The market began flirting with a base/reversal threat following 21-May’s poke above 16-May’s 92.55 initial counter-trend high discussed in 23-May’s Technical Blog.  Relative to the magnitude of the secular bear market however, this minor display of strength was of an insufficient scale to suggest anything more than another corrective hiccup.  But the extent and impulsiveness of this week’s accelerating rally above 22-Apr’s 95.25 corrective high and our key risk parameter is a game-changer that allows us to conclude 07-May’s 87.60 low as the end of AT LEAST the downtrend from last Oct’s 125.50 high and possibly the end of a 5-wave Elliott sequence that dates from Nov’16’s 176.00 high.


Moreover, the rally from 17-May’s 88.45 low detailed in the 240-min chart below looks to be a 3rd-wave that’s “extending”, meaning discernible sub-divisions on this same scale.  This suggests that this rally has a number of iterative (4th-wave) corrective setbacks and subsequent (5th-wave) resumptions of the rally before it peaks out.  As a result of this extended rally we are identifying 24-May’s 95.00 high as a minor 1st-Wave high of a smaller scale and our new short-term risk parameter that the market would not be able to fail below to maintain the impulsive integrity of this count.

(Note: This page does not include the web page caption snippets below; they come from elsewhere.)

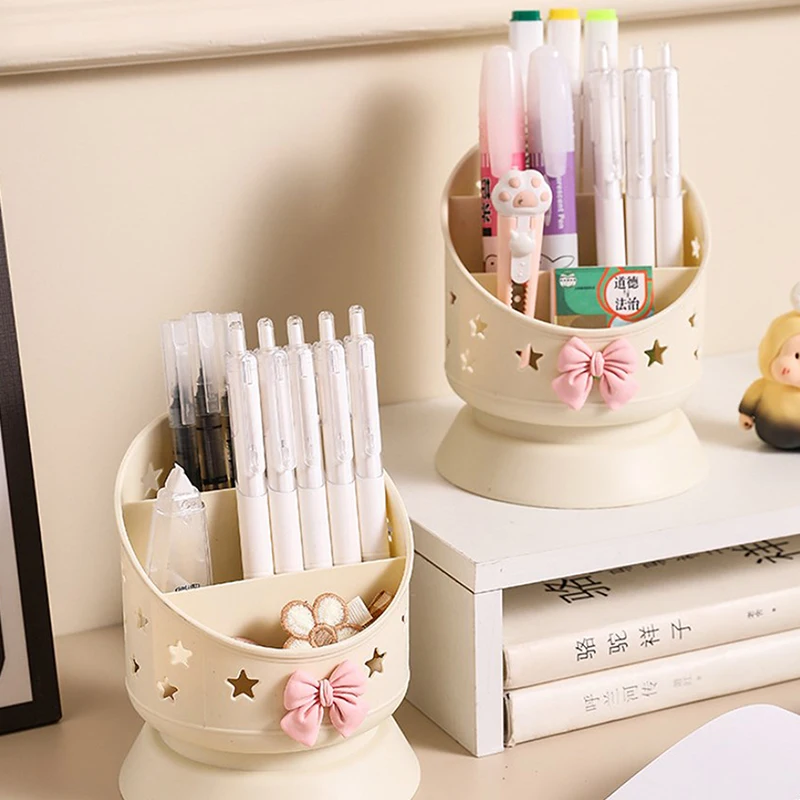 Cute Bow Makeup Brush Storage Tube Case Portable Desktop Organizer Eyebrow Pencil Lip Liner Organizer Makeup Tools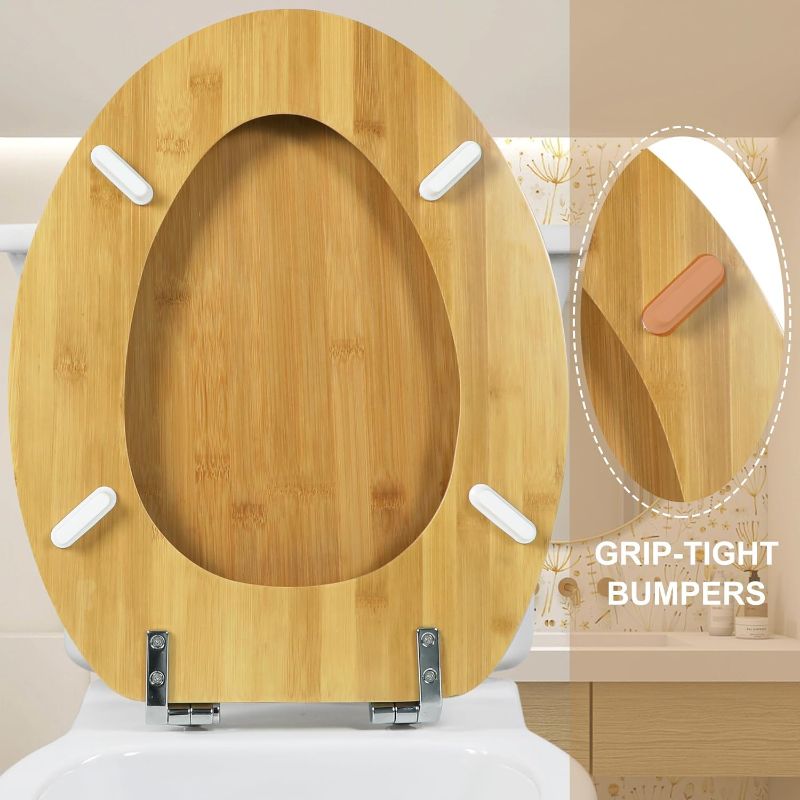 Photo 3 of Elongated Toilet Seat Bamboo Wood Toilet Seat with Zinc Alloy Hinges, Easy to Install also Easy to Clean, Anti-pinch Wooden Toilet Seat
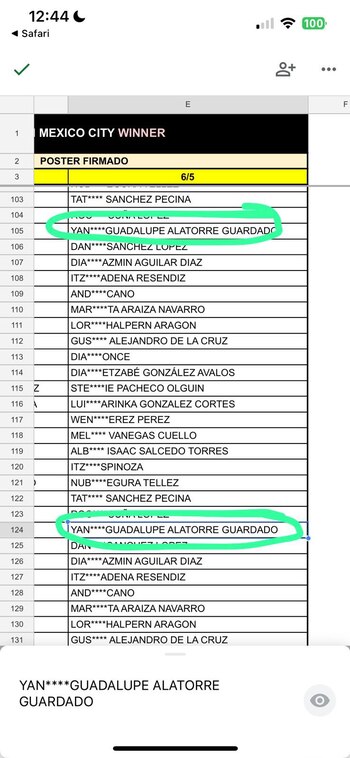 En la lista de ganadores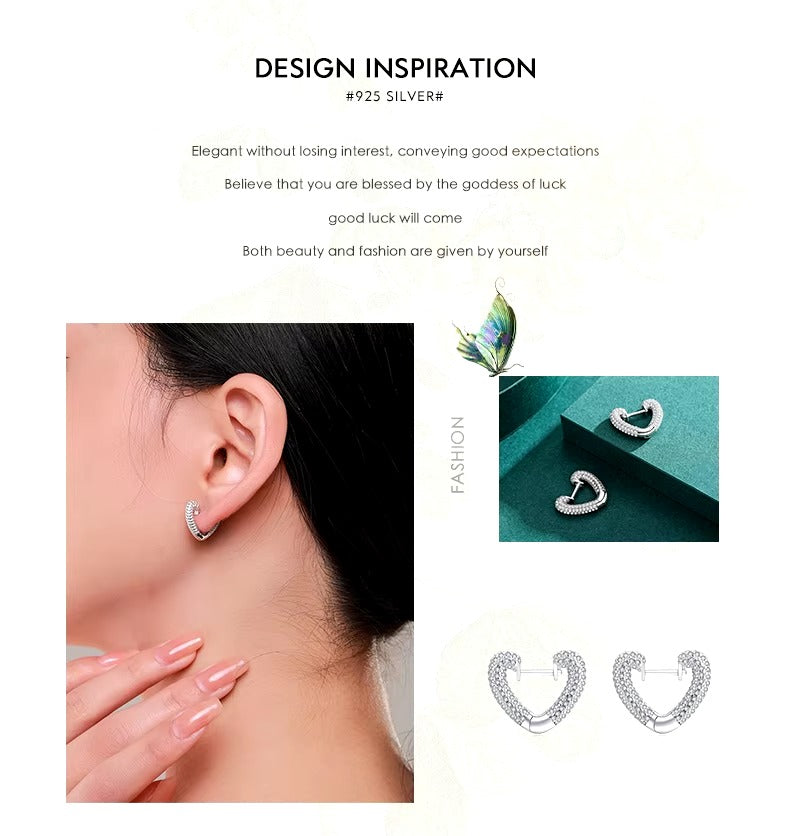 pendientes de aro de Plata de Ley 925 auténtica para mujer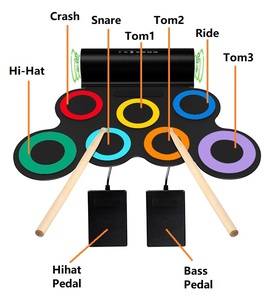 Jouet musical coloré, tambour électronique Portable à enrouler, tapis de Percussion intégré avec haut-parleur - Product Image 3
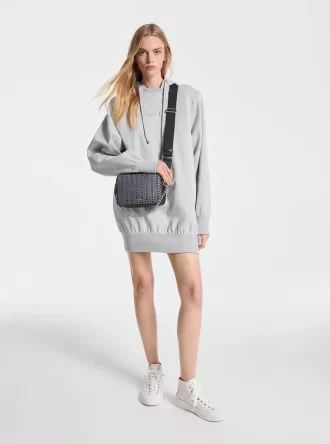Hoodie-Kleid aus Baumwollmischgewebe mit Schulterpolstern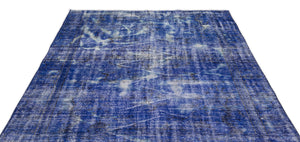Blue Over Dyed Vintage Rug 6'2'' x 8'9'' ft 188 x 266 cm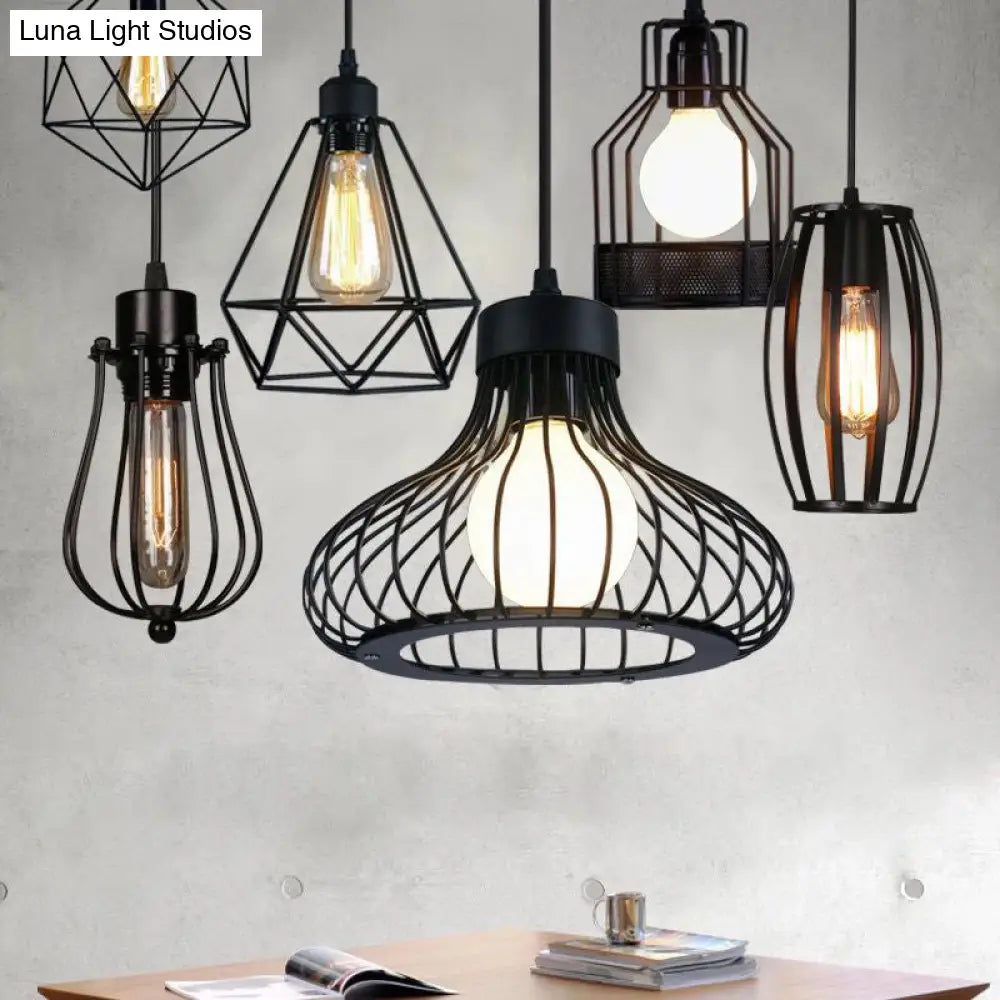 Industrial Retro 1-Light Pendant with Metal Cage for Bar - Hang in Style!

Coffee Jul '19 240 Min Chart

Coffee Daily Chart

ON a broader scale shown in the daily log chart above and weekly log chart below, the market has confirmed all the compelling and opportunistic factors of a base/reversal environment that could be major in scope, including:

  • a confirmed bullish divergence in momentum amidst
  • historically bearish levels of market sentiment/contrary opinion
  • its gross failure to sustain Mar-May’s break below a ton of former support-turned-resistance between 95.10 and 98.60 that
  • arguably completes 5-wave sequences down from last Oct’s 125.50 high AND Nov’16’s 176.00 high.

If correct, the market could be on the cusp of a major base/correction/reversal higher that could span quarters and produce gains to at least the 114-to-125-range and possibly much higher.  A failure below 07-May’s 87.60 obviously key low and new long-term risk parameter is required to negate this call.

Coffee Weekly Chart

Finally, on an even broader monthly basis, the chart below shows multiple years of support from the 101-to-102-area.  If there’s still a requisite threshold left for this reversal threat to hurdle, it would be the general 102-handle-area  Much beyond this area and the major base/reversal threat will be a considerable one warning of potentially protracted gains that could easily span quarters.

These issues considered, a new bullish policy remains advised with a failure below at least 95.00 required to threaten this call.  We anticipate further gains for the foreseeable future but beware an eventual peak to this initial (A- or 1st-Wave) rally that could usher in a (B- or 2nd-Wave) corrective rebuttal that could be extensive, offering an interim trading opportunity from the bear side and, most importantly, an eventual preferred risk/reward from the bull side that could be extraordinary for the long-term.